We previously demonstrated that PLK1 phosphorylates LRRK1 on Ser-1790 and this phosphorylation is required for the activation of LRRK1 at mitotic centrosomes (Hanafusa et al., 2015). Given that PLK1 is involved in cilia disassembly (Lee et al., 2012; Seeger-Nukpezah et al., 2012; Wang et al., 2013; Miyamoto et al., 2015), we assessed the contribution of PLK1 to the regulation of LRRK1 during cilia disassembly. PLK1 localizes to the transition zone at the ciliary base and is activated immediately after serum-induced cilia disassembly (Seeger-Nukpezah et al., 2012; Miyamoto et al., 2015). We determined whether PLK1 is required for serum-induced activation of LRRK1 at the base of primary cilia. First, we investigated whether LRRK1 Ser-1790 phosphorylation occurs during cilia disassembly using an anti-pS1790 LRRK1 antibody (Hanafusa et al., 2015). Immunofluorescence staining of RPE1 cells revealed that the pS1790-LRRK1 signal increased at the ciliary base transiently 0.5–2 h after serum stimulation (Fig. 2E,F). When the serum re-stimulated cells were treated with BI 2536, a PLK1 inhibitor (Lénárt et al., 2007; Steegmaier et al., 2007), the pS1790-LRRK1 signal was reduced to basal levels (Fig. 2E,F). Thus, PLK1-mediated phosphorylation of LRRK1 Ser-1790 is dispensable for its localization at the ciliary base. These results indicate that PLK1 at the ciliary base phosphorylates LRRK1 at Ser-1790 during cilia disassembly following serum re-stimulation.

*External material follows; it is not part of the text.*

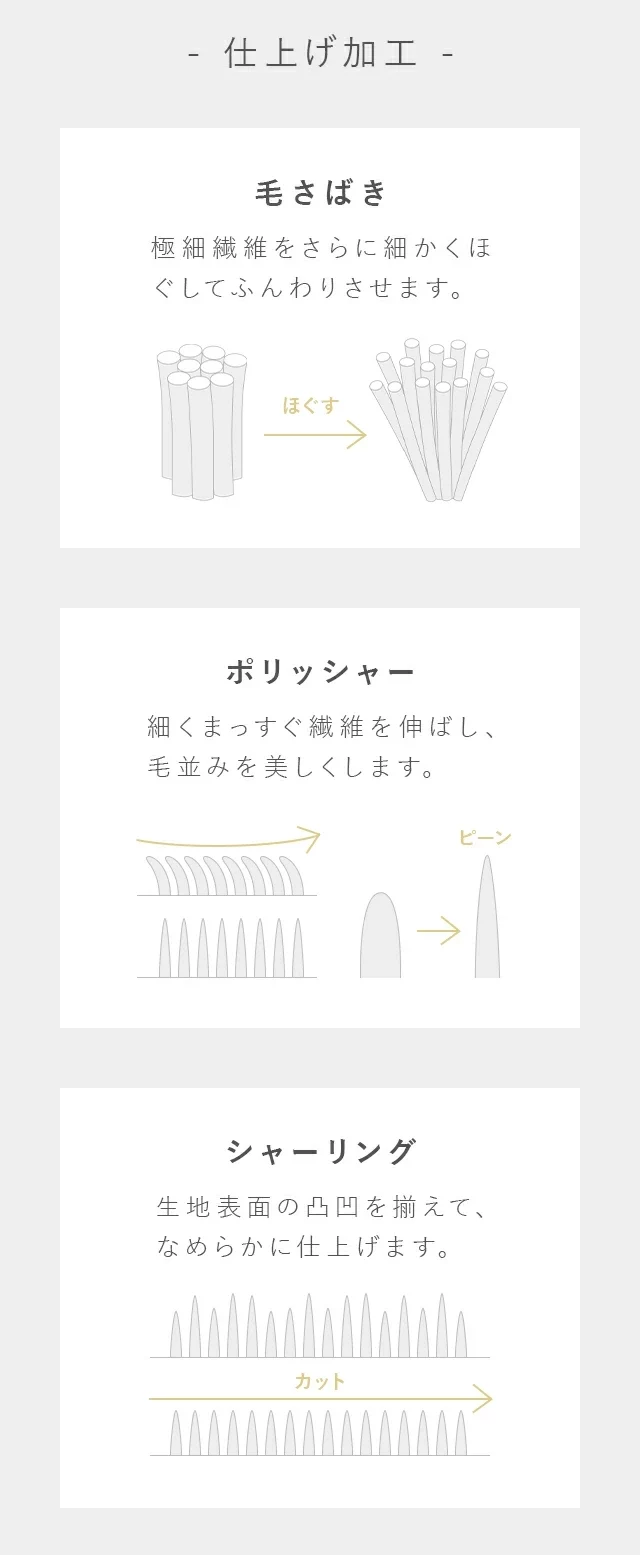 仕上げ加工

PLK1 phosphorylation of LRRK1 Ser-1790 triggers the subsequent phosphorylation of Thr-1400 by CDK1, leading to the activation of LRRK1 at centrosomes during mitosis (Hanafusa et al., 2015). The inhibition of PLK1 activity by BI 2536 caused a marked reduction in pT1400-LRRK1 staining at the ciliary base in serum-treated cells (Fig. 2G,H). However, BI 2536 treatment produced a weak effect on LRRK1 protein levels at the ciliary base (Fig. 2I). Thus, the pS1790-LRRK1 signal showed similar temporal and spatial localization to that of pT1400-LRRK1. These results suggest that LRRK1 is phosphorylated on Ser-1790 by PLK1 and is activated at the base of primary cilia during disassembly.

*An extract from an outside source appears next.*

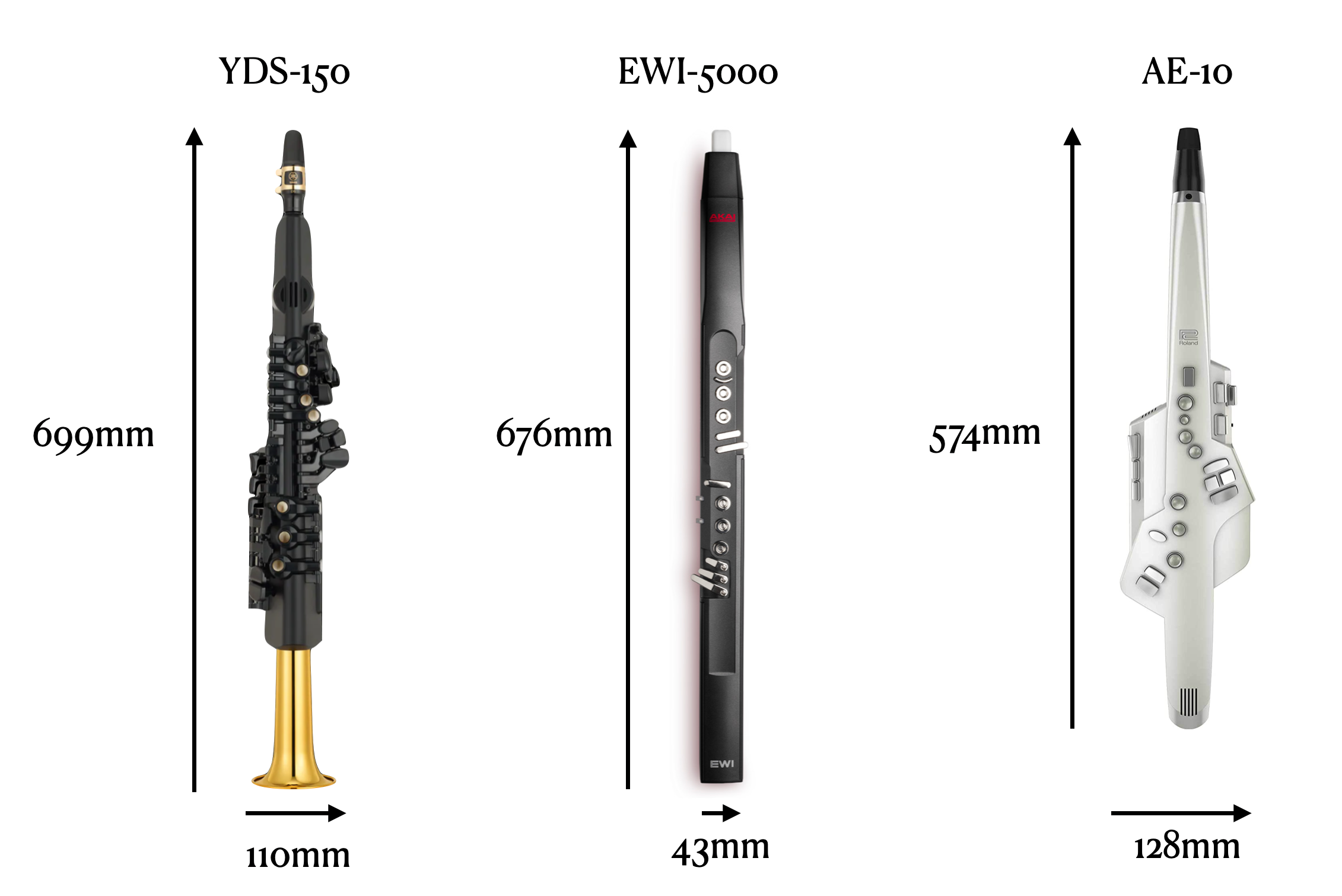 今話題のデジタルサックスヤマハ YDS-150｜島村楽器 イオンモール大日店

We next determined the target of LRRK1 phosphorylation that regulates cilia disassembly. We have previously reported that NDEL1 plays an important role in ciliary absorption upon cell cycle re-entry (Inaba et al., 2016). Therefore, we examined whether LRRK1 phosphorylates NDEL1. For this purpose, we performed an in vitro kinase assay using glutathione S-transferase (GST)-tagged NDEL1 produced from Escherichia coli and GFP–LRRK1 purified from HEK293 cells. We observed phosphorylation of NDEL1 when incubated with the hyper-active LRRK1 mutant LRRK1(Y944F) (Ishikawa et al., 2012), but no phosphorylation when incubated with the kinase-inactive LRRK1(KM) (Fig. 3A,B). These results indicate that LRRK1 phosphorylates NDEL1 in vitro. To define the phosphorylation sites on NDEL1, GST–NDEL1 was incubated with LRRK1(Y944F) or LRRK1(KM) as for the in vitro kinase assay and analyzed by liquid chromatography-coupled tandem mass spectrometry (LC-MS/MS). The following six phosphorylation sites were assigned: Ser-95, Thr-132, Ser-155, Ser-162, Ser-166, and Ser-213 (Table S1). Within these sites, the Ser-155 site represents the major phosphorylation site for LRRK1, because phosphorylation of the GST–NDEL1(S155A) mutant was greatly reduced in our in vitro kinase assay (Fig. 3A,B). Thus, LRRK1 phosphorylates NDEL1 on Ser-155.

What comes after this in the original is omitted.